Could you print the stretch of lines below from the one with "APPARTEMENT T3 62M - Photo 5" through the one with "Show modela Karol1_s na web-kameri", exactly as they stand and without any pictures?

BEGIN INFORMATION

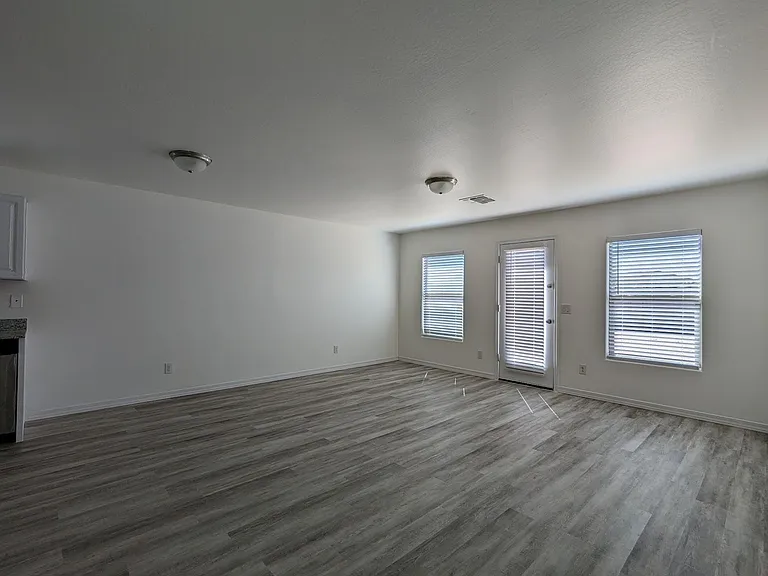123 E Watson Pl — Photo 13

END INFORMATION
BEGIN INFORMATION

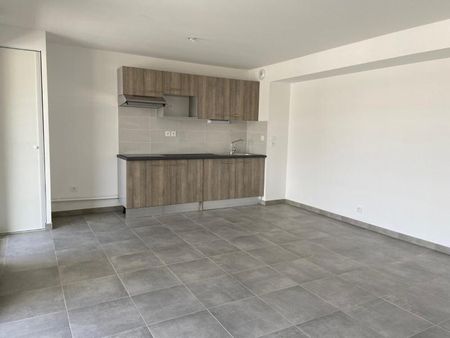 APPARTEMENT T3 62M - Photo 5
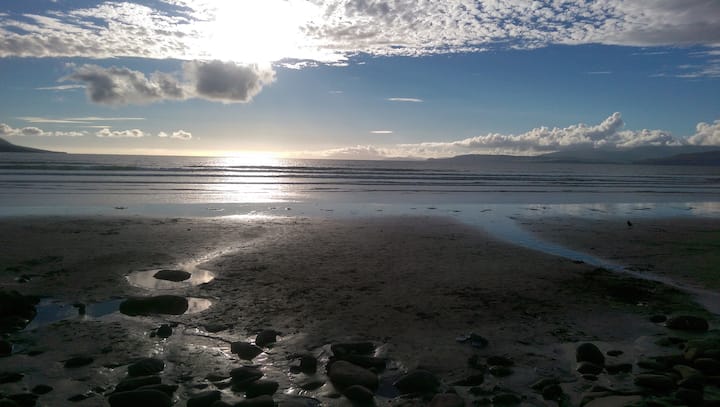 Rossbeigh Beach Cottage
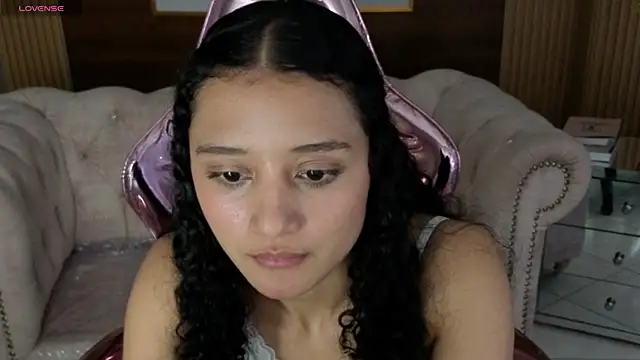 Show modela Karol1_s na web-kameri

END INFORMATION

SOLUTION FOR THIS EXERCISE:
 APPARTEMENT T3 62M - Photo 5
 Rossbeigh Beach Cottage
 Show modela Karol1_s na web-kameri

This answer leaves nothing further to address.